Embodiment 29 includes the method of preparing a tape comprising:
providing a backing; and coating a flame retardant pressure
sensitive adhesive onto at least a portion of the backing, wherein
the flame retardant pressure sensitive adhesive comprises: a
(meth)acrylate-based block copolymer; and at least 10% by weight of
a halogen-free flame retarding agent.
[0151] Embodiment 30 is the method of embodiment 29, wherein the
pressure sensitive adhesive is optically clear.
[0152] Embodiment 31 is the method of embodiment 29 or 30, wherein
the flame retardant pressure sensitive adhesive comprises a blend
prepared by blending a (meth)acrylate-based block copolymer; and at
least 10% by weight of a halogen-free flame retarding agent.
[0153] Embodiment 32 is the method of embodiment 31, further
comprising providing and blending at least one additional additive
to the adhesive blend.
[0154] Embodiment 33 is the method of embodiment 32, wherein the at
least one additional additive comprises a tackifying resin, an
anti-oxidant, an inorganic filler, a UV stabilizer, a UV absorber,
a plasticizer, a softening agent, or combination thereof.

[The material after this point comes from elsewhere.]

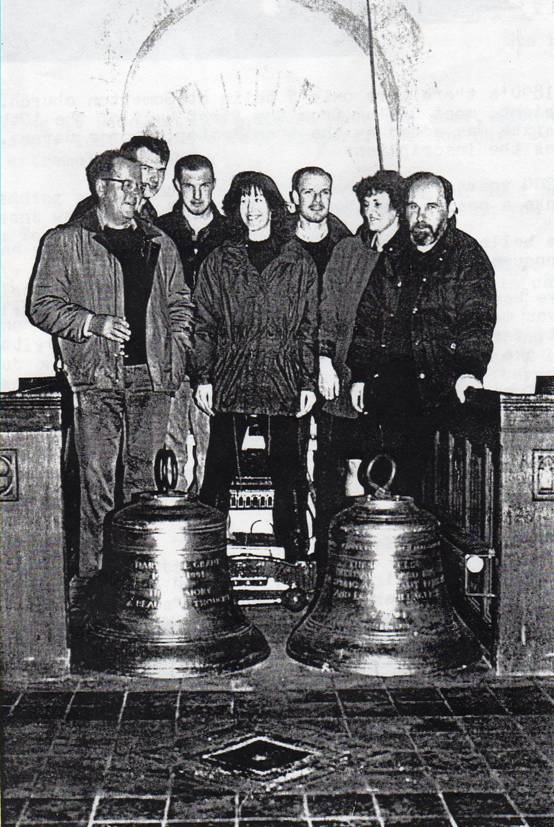 Seven bell ringers standing behind two new bells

[0155] Embodiment 34 is the method of any of embodiments 31-33,
wherein blending comprises hot melt blending.
[0156] Embodiment 35 is the method of embodiment 34, wherein hot
melt blending comprises adding the (meth)acrylate-based block
copolymer and the halogen-free flame retarding agent to an extruder
and extruding the resulting hot melt blend.
[0157] Embodiment 36 is the method of any of embodiments 31-33,
wherein the pressure sensitive adhesive further comprises at least
one solvent and blending comprises solvent blending.

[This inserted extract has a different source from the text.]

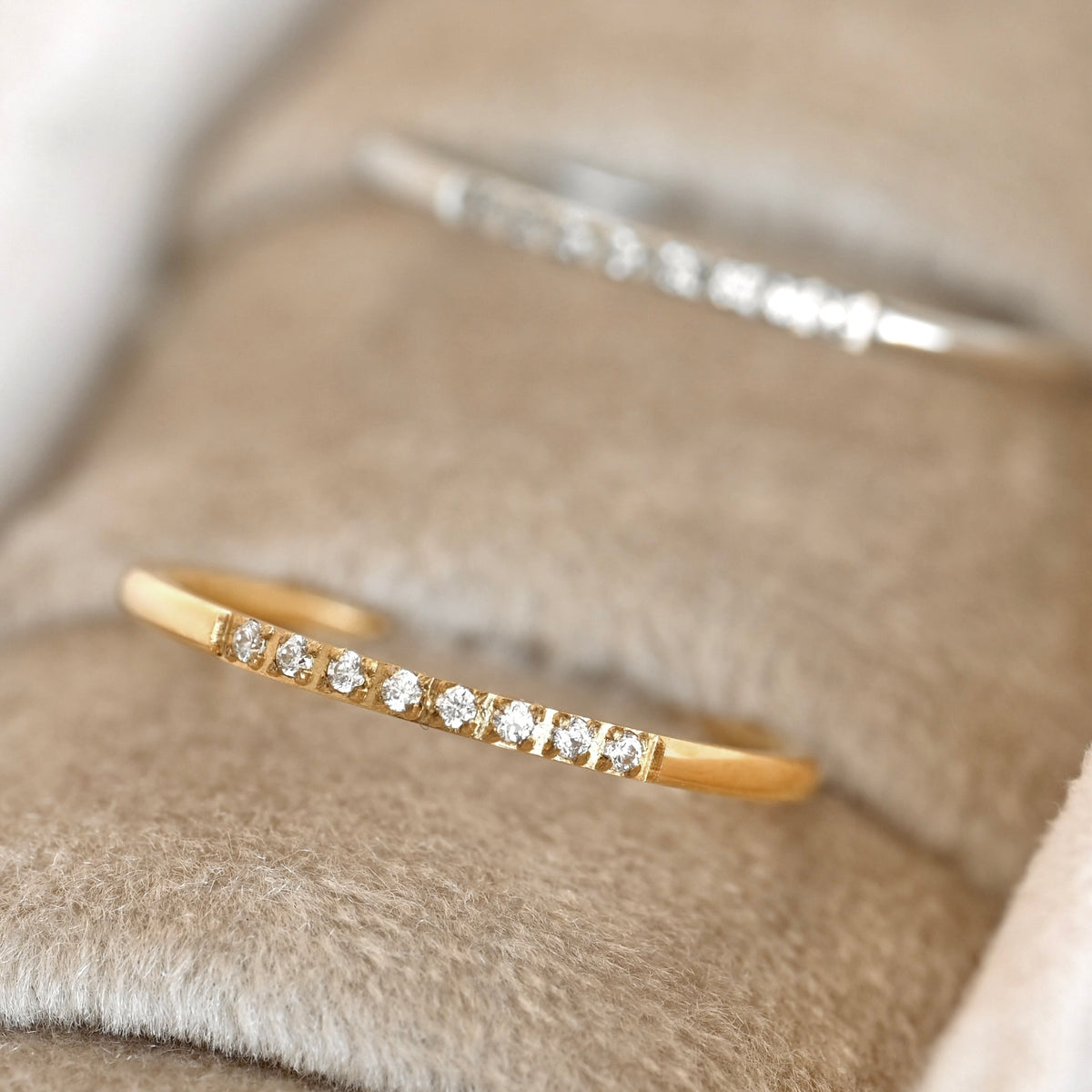 Gold and silver slim cz rings on a soft fabric background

[0158] Embodiment 37 is the method of embodiment 36, wherein
providing a (meth)acrylate-based block copolymer comprises
providing a solution of a (meth)acrylate-based block copolymer in a
solvent.
[0159] Embodiment 38 is the method of any of claims 29-37, wherein
the backing comprises a fluorothermoplastic film, a polyurethane
film, a polyester film, a polyolefin film, a vinyl film, a
polyacrylic film, a polycarbonate film, or a polymeric film with a
release agent coating.
Examples
[0160] These examples are merely for illustrative purposes only and
are not meant to be limiting on the scope of the appended claims.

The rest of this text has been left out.